Effective communication patterns in engineering teams

Over the course of my career, I have been part of several science and engineering teams. I have seen great leaders and terrible leaders, as well as junior team members who grew quickly and those who got stuck. People who led by example and inspired others, and people who drove others up the wall and caused untold suffering.

The defining factor separating the good from the bad in all of the above experiences was emotional awareness and empathetic communication.

Engineering education and professional training does not prepare new graduates for the intense teamwork required in professional settings. Except in some internship opportunities, most new graduates have very episodic exposure to working in teams. While ambitious engineers usually have a good idea of the technical achievements their next growth phase might entail (or their next promotion might require), they often have no idea or at least no clear incentive to improve their communication skills - critical for organizing their team, motivating and mentoring their colleagues, communicating product requirements to product management and executive stakeholders, and managing customer relationships (yes, engineers should play a role in that).
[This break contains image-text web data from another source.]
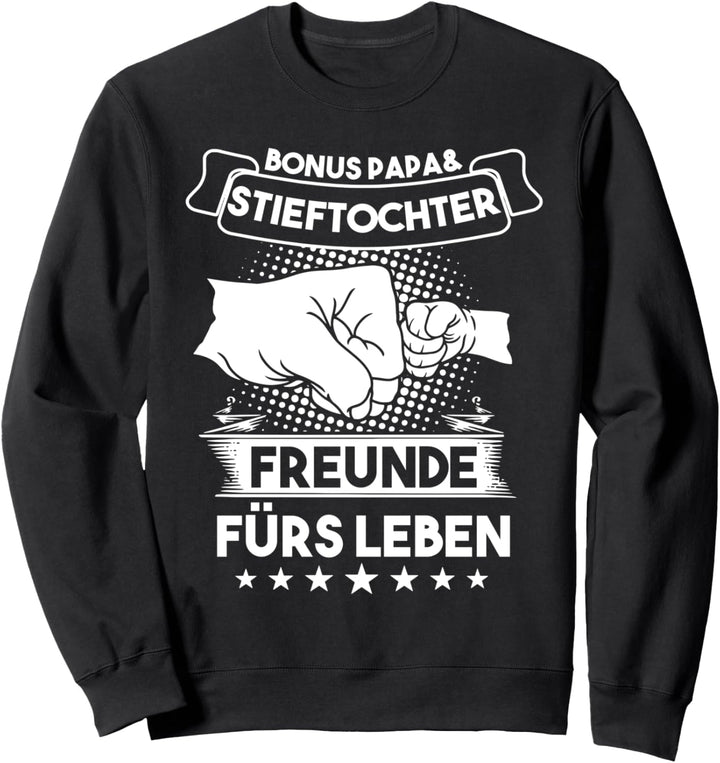 Bonus Papa Stieftochter Stiefkind Sweatshirt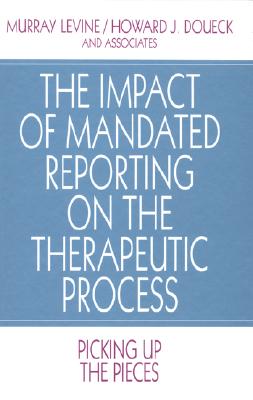 The Impact of Mandated Reporting on the Therapeutic Process: Picking up the Pieces - Levine, Murray, and Doueck, Howard J, Dr.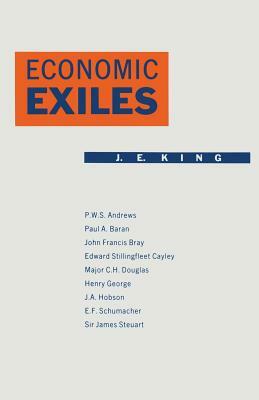 Economic Exiles by J. E. King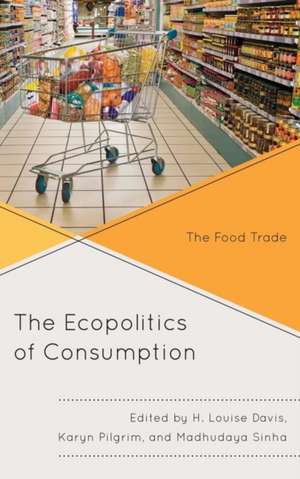 Ecopolitics of Consumption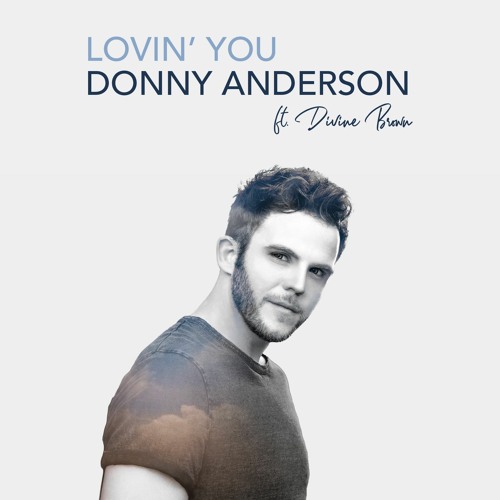 Lovin' You - #DonnyAnderson ft #DivineBrown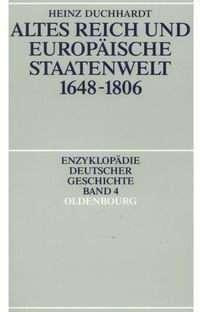 Produktbild: Altes Reich und europ&auml;ische Staatenwelt 1648-1806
Effective communication is the limiting factor in most engineers’ professional growth.

Some scientists - and engineers with science training - have an advantage, as science training emphasizes written communication as well as teaching skills through TA work in graduate school. Even that advantage turns out to be relatively small, because most organizations don’t actually verbalize the success factors that enable effective communication in their engineering teams.

Google’s “people ops” (“HR department that hopefully doesn’t suck”) put together a nice website outlining some of these key success factors, but even that only just begins to summarize the key insights that engineers realize over time.

The key breakthrough in my understanding of the importance of practicing emotional awareness and empathetic communication came from my work with an engineering executive who stepped in to manage a bunch of teams as they struggled to find structure and clarity. After this woman joined the team, she did not focus on holding people to specific engineering objectives or product outcomes. Instead she advocated (but did not force) an overall project management process, and spent almost all of her time building relationships with team members without regard to their level in the reporting chain. Her calendar was always open for 1:1s, and after establishing initial rapport her next step was always to give the person a copy of the book, How to Talk So Kids Will Listen & Listen So Kids Will Talk.

The simple and profound truth is that truly empathising with each person on your team is a necessary and often sufficient condition for upleveling your communication skills to the point where they are no longer a limiting factor in your professional growth. The content of the book is just as applicable to adults as it is to children. In workplace teams, the default dynamic is to suppress the negative emotions that come from neglecting our need for empathy - with major negative consequences. If even marginally emotionally abusive behavior is normalized, the team suffers permanent damage and can no longer function properly. Conversely, empathetic, emotionally aware, and comprehensive communication empowers the team to make incremental improvements which translate to greatly increased performance over time.

The last key pattern that I have observed in successful engineering teams is a productive interaction between the customer champion, the internal product stakeholder, and the technical roadmap planner. Different teams have different names for these roles, but they are commonly referred to as a UX researcher, a product manager, and a technical product manager or scrum master. Each competency in this trio is necessary for the team to succeed, and effective, high bandwidth, low ego communication between the three is a key determinant of team productivity and happiness - of all the success factors listed on the Google website above. The customer champion must effectively and passionately represent the customer’s needs - in fact, they need to be backed up by each team member as well (this is the Amazon leadership principle of “customer obsession”). The product manager must determine product strategy, plan large long-term efforts, and steer the team through complex product improvements. The TPM or scrum master must have deep technical knowledge of the product’s infrastructure and the ability to plan tactical efforts to execute the team’s strategy. The TPM must also be an effective advocate for the team’s ability to manage technical debt (which works in a way that’s remarkably similar to sovereign debt). In fact, the third thing that the engineering executive I mentioned above did after impressing the power of empathy and establishing a PM process was to inquire about the team’s technical debt level and what it’s doing to manage it over time.

The interaction among the UX-PM-TPM trio can be evaluated to determine the level of stakeholder value alignment. Do the three parties have a shared understanding of the team’s priorities and how they will deliver customer value over time? If there is ambiguity about the answer, then they can go back to the communication first principles to improve this mutual understanding.